The toddler enjoys playing with others. When she is excited, she lets out the cutest little high pitched stuttering squeal. It reminds me of the dolphin from Flipper. (I wrote in the bio that I am old.)
I first heard it in her excitement at learning the cat was near. For a while it was the cat’s warning sign the new walker was on her way.
It comes out while horseplaying. The best, is chasing her around the house saying, “I am going to tickle you!” She does her dolphin squeal and runs away. I had a proud dad moment when she paused to try and close a door behind her to impede my chase. Great tactic.

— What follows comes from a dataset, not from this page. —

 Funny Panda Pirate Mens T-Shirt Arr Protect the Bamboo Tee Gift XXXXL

Over the weekend, we attended a baby shower. The hosts have a friendly dog who stands just under eye-level for the toddler. The dog licked Fleur’s face because, naturally, there was food still on it. That. THAT. Got the longest squeal I have heard yet. And a quarter hour of following the dog around trying to get in her face and receive another face lick.
I am finding the kiddo is a daredevil. Things I kind of expected to be shocking and make her scared don’t. She instead lets out a squeal and wants more. Greaaaaaaaaaaat. Dopamine addict.

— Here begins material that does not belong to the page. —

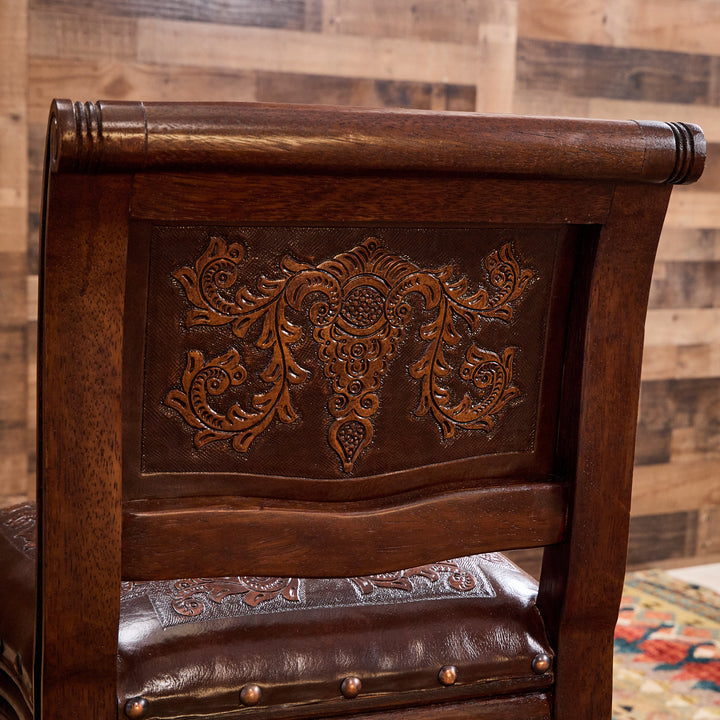 Colonial Brown Leather Bar Stool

Fleur has gleeful look when adults make weird sounds before doing something funny. Nose boops, tickles, and the like. She loves the stuff from people she likes. And doing it well, is a good way into her favorite people list.
Dopamine is thought of as the reward neurotransmitter. But, it is more complicated. It is what we get anticipating a reward. Say, you are playing a video game, dopamine surges to ensure you focus and persevere to achieve the level or match.
The noise right before tells her it is coming. Classical conditioning pairs a neutral stimulus with a desired one. The prior one is neutral the first time, but after she has paired it with the desired stimulus and anticipates the desired one. It seems like she enjoys the anticipation almost as much.
In getting mobile and manipulating objects, she is learning to use operant conditioning as well. She exerts her will on the world around her. This takes the form of doing the same thing over and over both using the same technique to confirm it works and adjusting to see what might work better. The other day she was trying to get into my tablet and tapping different spots to see how it reacted. You could see the Scientific Method in action: hypothesis, design test, execute test, evaluate result, new hypothesis.
Something I never thought about in university psychology classes was the impressive nature of linking things into causal chains. If this, then that. Over and over. Both forms of conditioning require understanding causation. The sponge that is Fleur’s brain seems to seek out understanding causation. And happiness to me is creating an environment for her try things and figure out how they work.